Thank you, Chair and members of the committee.
I'd first like to acknowledge that I'm presenting to you today from the traditional territories of the Lekwungen-speaking people of the Songhees and the Esquimalt first nations.
Given my brief time this afternoon, I want to focus my comments on the practical matter of how the privacy rights of Canadians ought to be considered and, where events dictate, enforced.
A common theme of these proceedings is the need to harmonize, to the greatest extent possible, the substantive privacy rights of Canadians across federal and provincial jurisdictions. The principle of harmony or substantial similarity should also apply to the processes that determine and enforce privacy rights.
Why is this so important? Data most often knows no borders. Many significant privacy rights cases impact citizens across the country.
It is therefore incumbent upon us, as privacy regulators with oversight over the private sector in Alberta, British Columbia, Quebec and Canada, to act, to the greatest extent permitted by law, in a coordinated manner. This ensures that concerned individuals are addressed in a consistent way and that affected businesses are not queried by overlapping demands. In short, coordination builds the trust of Canadians in our privacy oversight system.
The coordinated actions I speak about will be enhanced considerably if the avenues for processing and enforcing those privacy rights are as consistent as the law permits across jurisdictions. In concrete terms, this means the federal Privacy Commissioner should certainly be granted order-making powers, which the three provincial authorities now have, and which Bill C-27 recommends.
I would go a step further. The proposed federal order-making powers should be reviewable in the same manner as that applicable to provincial authorities. That is to say that the federal Privacy Commissioner's powers should be directly subject to review by the courts. That has proven to be more than sufficient to protect the rights of all parties at a provincial level. Bill C-27's proposal to add a layer of administrative bureaucracy in between the commissioner's orders and the court review adds an unnecessary level of expense and time to distance Canadians further from the ultimate disposition of their privacy concerns.
The same considerations of federal and provincial harmonization should be applied to the matter of administrative monetary penalties. Quebec—as my colleague has just pointed out—is the first jurisdiction in Canada to authorize the regulator to administer such penalties where circumstances warrant. I have called for British Columbia's government to do the same.
The authority to levy fines—a last resort for regulators—protects the rights of Canadians and the vast majority of businesses from bad actors. It is critical that privacy regulators are able to ensure that when fines are necessary for multi-jurisdictional violations, they are levied in a coordinated, proportionate and non-overlapping way.

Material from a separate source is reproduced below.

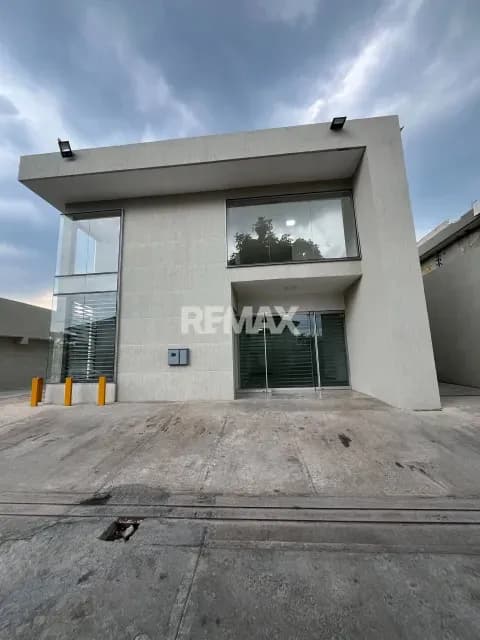 ALQUILER DE CASA COMERCIAL DOS NIVELES EN SANTA CECILIA VALENCIA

That is simply not possible under Bill C-27, which strips power away from the federal Privacy Commissioner to levy fines, and instead puts it in the hands of a third party that would not be in a position to coordinate matters with other authorities. This again creates federal-provincial asymmetries, which in no way benefit Canadians. It bears repeating that if a party is concerned about an imposed fine, a direct referral to the court system is more than adequate to ensure administrative oversight of the system.
In summary, while Bill C-27 goes some ways to strengthen the privacy rights of Canadians, the bill must be improved to ensure that those rights can be fairly, effectively and economically adjudicated and enforced.
Along with my colleagues, of course, I welcome any questions you may have.